第29回東京国際映画祭の「SAMURAI(サムライ)」賞が、マーティン・スコセッシ監督と黒沢清監督に贈られることが決定した。

 同賞は、比類なき創造性で時代を切り開く映画を世界に発信し続ける映画人の功績を称えるもので、今年で開設3年目。過去に北野武監督、ティム・バートン監督、山田洋次監督、ジョン・ウー監督が受賞している。

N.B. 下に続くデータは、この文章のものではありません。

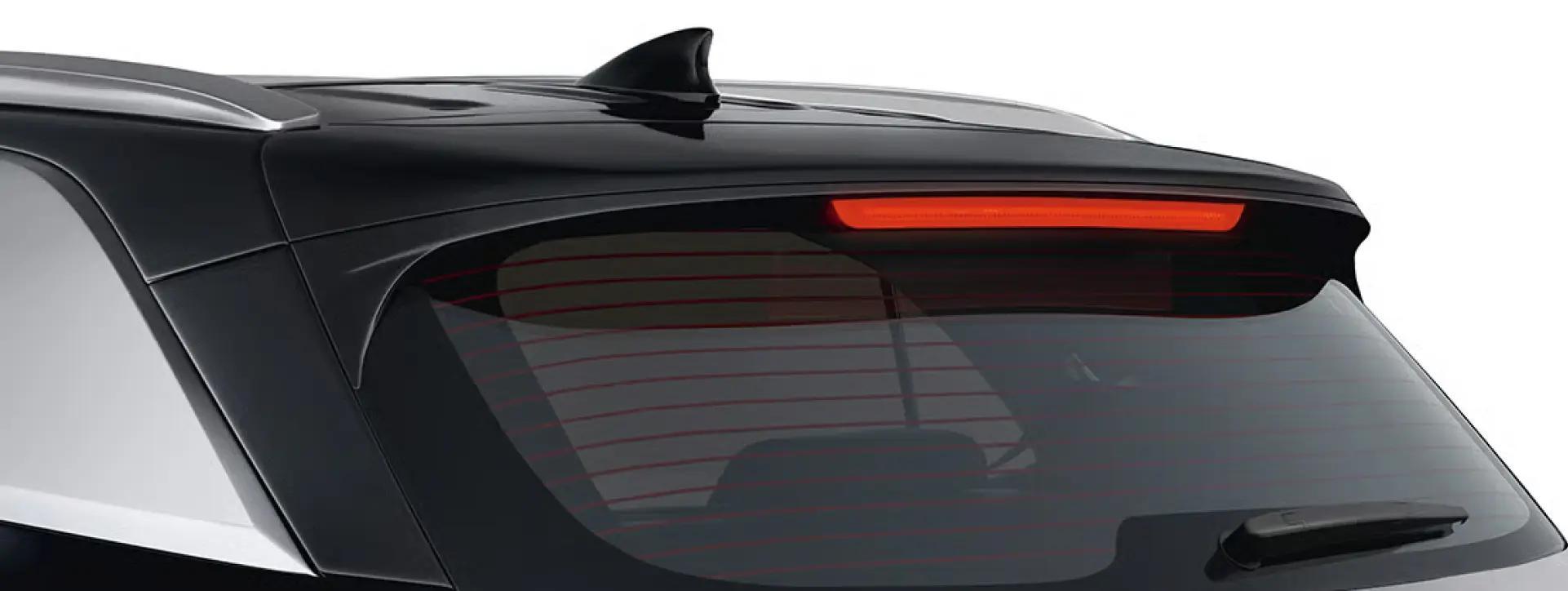 Hyundai	Creta Aerodynamic spoiler with LED high mounted stop lamp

 スコセッシ監督は、ロバート・デ・ニーロ主演の「タクシードライバー」(1976)で第29回カンヌ映画祭パルムドール(最高賞)に輝いたのち、「アビエイター」(2005)、「ウルフ・オブ・ウォールストリート」(13)などでアカデミー賞監督賞に8度ノミネート。「ディパーテッド」(06)では作品賞と監督賞を受賞している。最新作は、20年以上にわたって温めてきた悲願の企画である遠藤周作原作の「沈黙 サイレンス」で、17年に公開される。

 黒沢監督は、「ドレミファ娘の血は騒ぐ」(1985)や「地獄の警備員」(91)などで人気を博し、92年にオリジナル脚本「カリスマ」で米サンダンス・インスティテュートのスカラシップを獲得したことで渡米。これまで、カンヌ映画祭へ4作品を出品しており、「トウキョウソナタ」(08)である視点部門審査員賞、「岸辺の旅」(15)である視点部門監督賞を受賞した。最新作「ダゲレオタイプの女」は、初のオール外国人キャスト、全編フランス語で撮りあげた海外進出作品で、10月15日から公開される。

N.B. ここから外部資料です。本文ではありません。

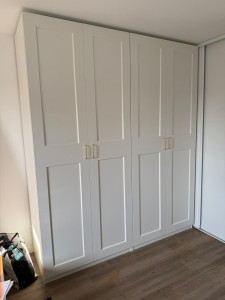 Photo de galerie - Dressing pax IKEA avec portes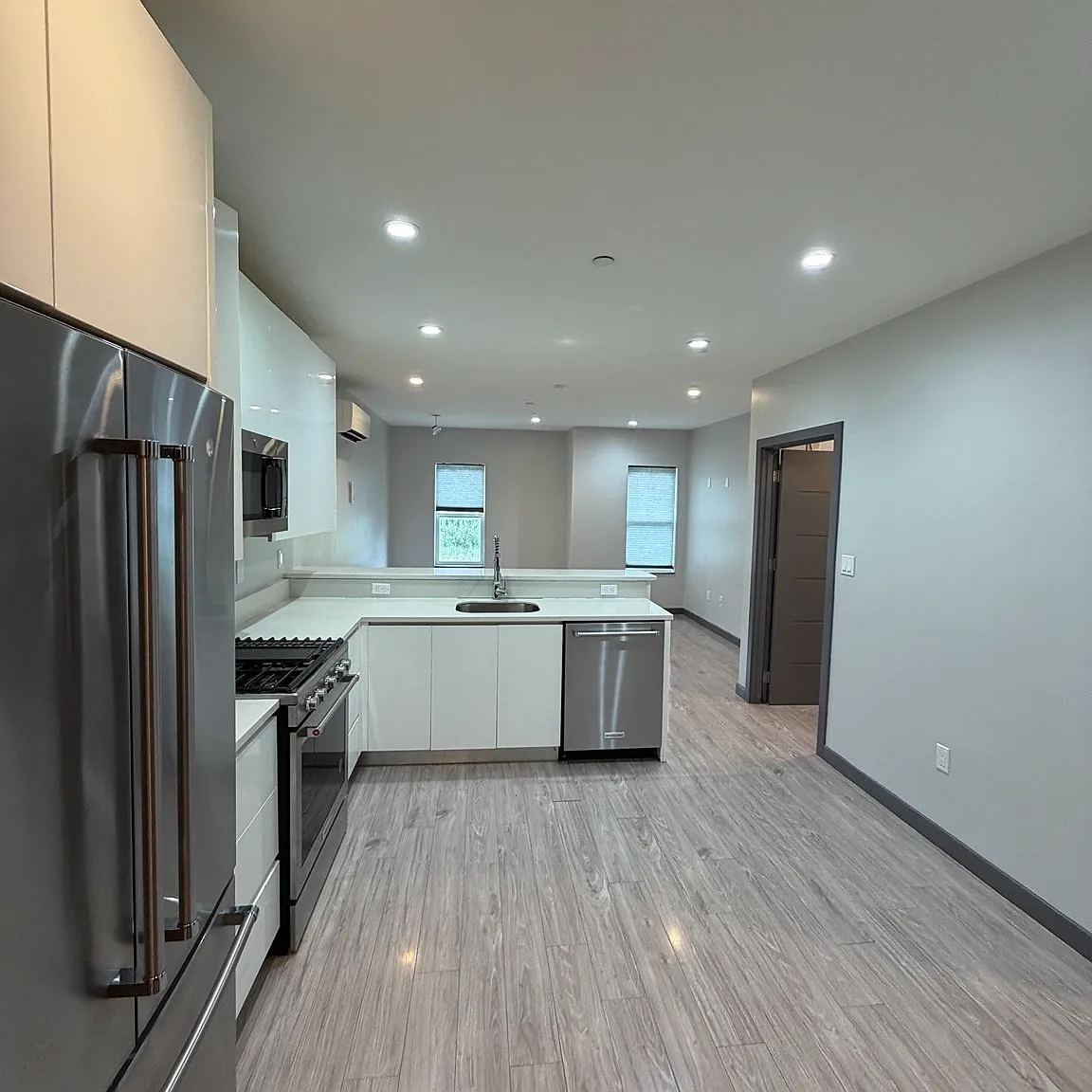 2 bed, 2.0 bath, 888 sqft, $2,283 — Photo 1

 映画祭のクロージングセレモニーで同賞の授賞式が実施されるほか、黒沢監督による特別講演も予定。黒沢監督が、自らの経歴を振り返るとともに、これまでの映画製作で直面してきた課題などを語る。

 第29回東京国際映画祭は、10月25日〜11月3日に東京・六本木ヒルズほかで開催。